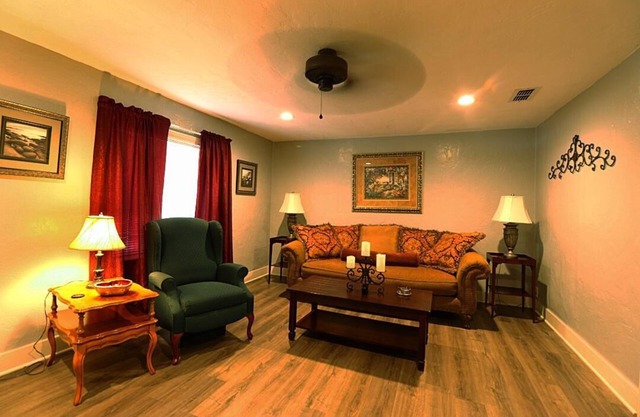 Perfect for transitioning from old home to new home, traveling nurses, students.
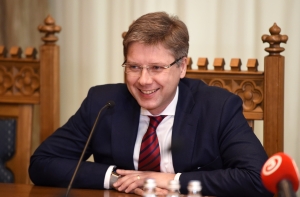 Центр госязыка снова оштрафовал Ушакова за общение на русском языке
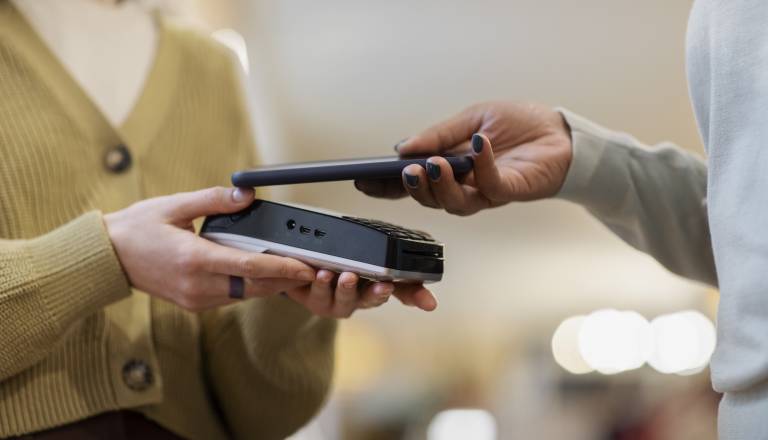 Nova era javnega prevoza: brezstično plačevanje prihaja poleti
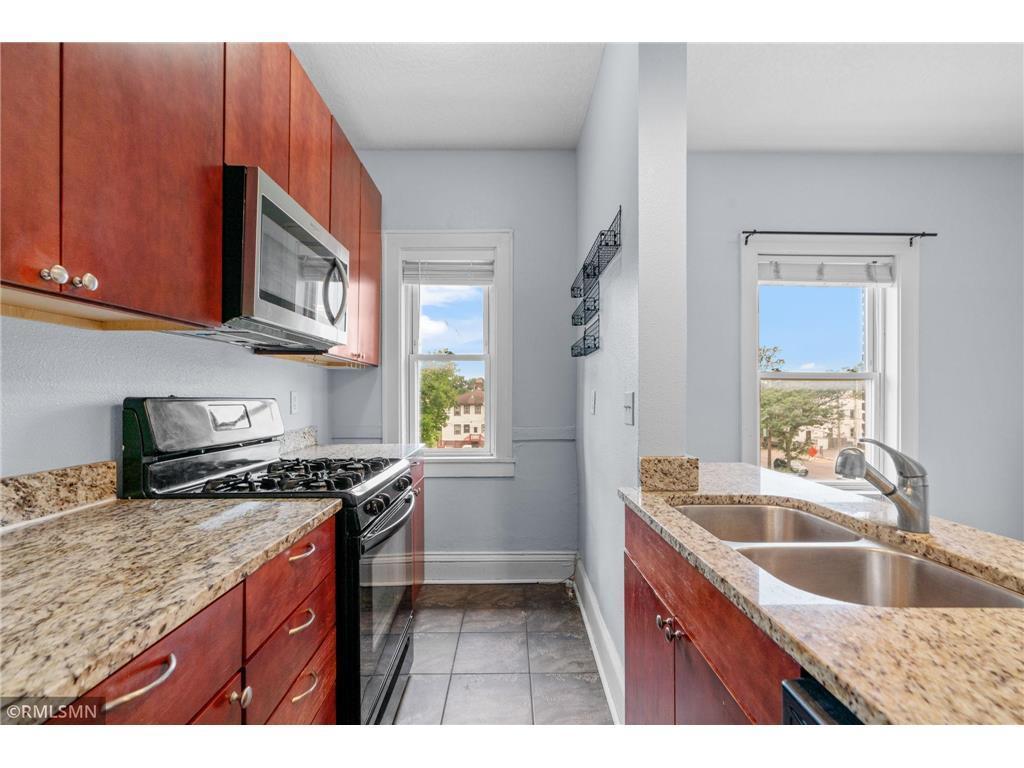 2881 Irving Avenue S 305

• _Exercise brief_: Your answer should consist solely of the lines from the one holding "Nova era javnega" through the end of the listing, reproduced exactly and without pictures.

• _Solved problem_:
 Nova era javnega prevoza: brezstično plačevanje prihaja poleti
 2881 Irving Avenue S 305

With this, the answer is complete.